While there is a perception that automating the network in a highly intelligent manner that can eliminate downtime and enhance security and functionality is out of reach for most enterprises, that is simply not true. Off-the-shelf intelligent network solutions today deliver built-in integrated customization capabilities that make systems more extensible, manageable, flexible, and scalable despite the multitude of domains, vendor devices, and clouds common in enterprises today. Prebuilt automation processes and automatic asset discovery enable IT teams to quickly achieve time to value without the planning and operational overhead needed for self-build automation. With the support that self-built or open-source automation can’t offer, security becomes part of the network fabric, compliance and auditing are no longer headaches, and network disruptions become a thing of the past.

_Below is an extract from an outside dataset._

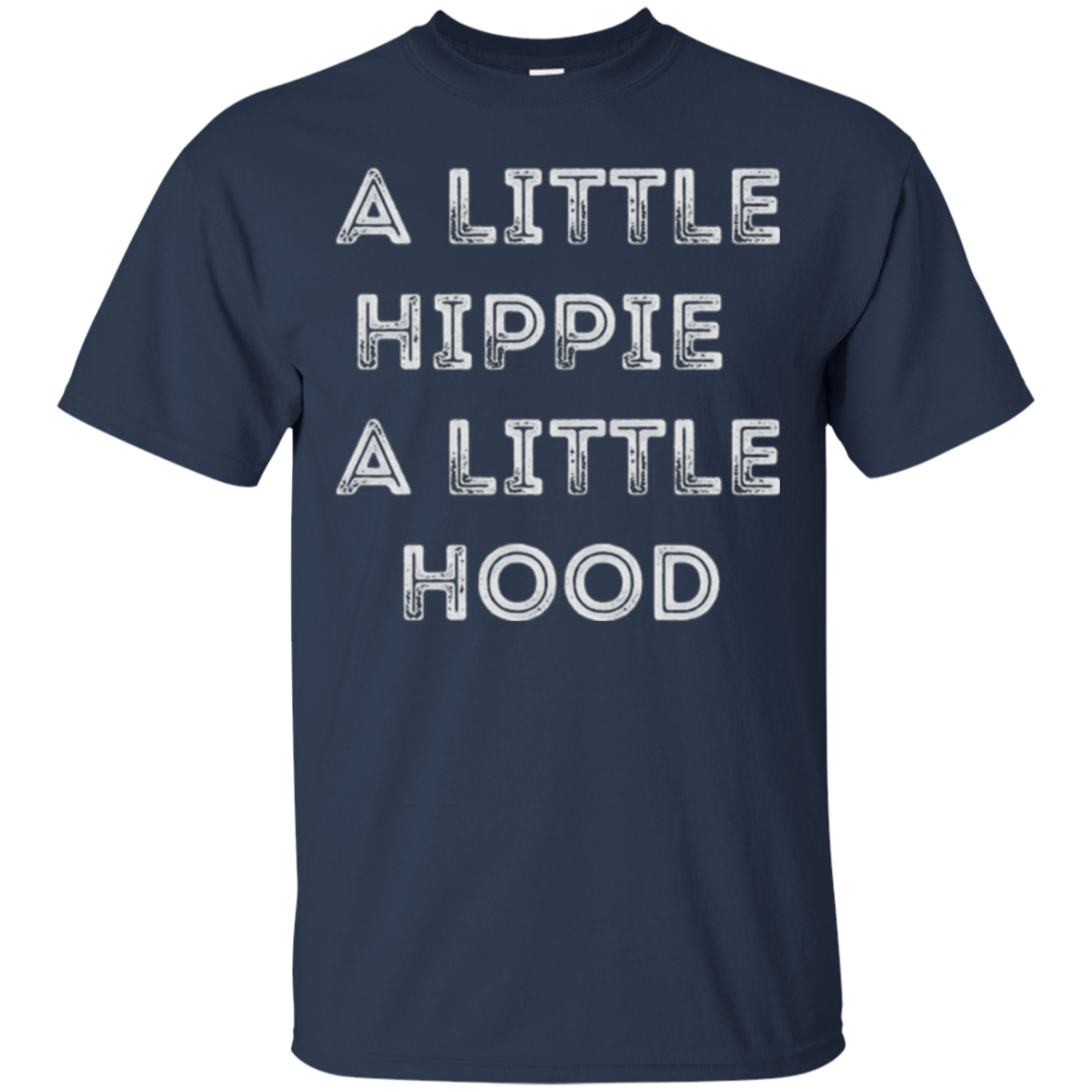A Little Hippie A Little Hood Distressed T-Shirt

Intelligent network automation provides essential guardrails that let the network flow unobstructed by risk, complexity, and chaos.

 

Author's Bio

Jeff Gray

CEO and Co-founder, Gluware
Jeff Gray is the CEO and co-founder of Gluware, the leading provider of Intelligent Network Automation for the Cloud Era. As CEO, he oversees business operations and strategy, as well as the development of enterprise-leading intent-based network automation technologies adopted by the largest and most complex Fortune 500 and Global 2000 enterprises from Pharma to Finance. Gray is credited with bringing the industry’s first SDN orchestration platform to market and achieving significant blue-chip enterprise adoption. He has been a networking industry leader for two decades, starting with the commercial development of innovative high-bandwidth networking solutions as a student at California Polytechnic State University.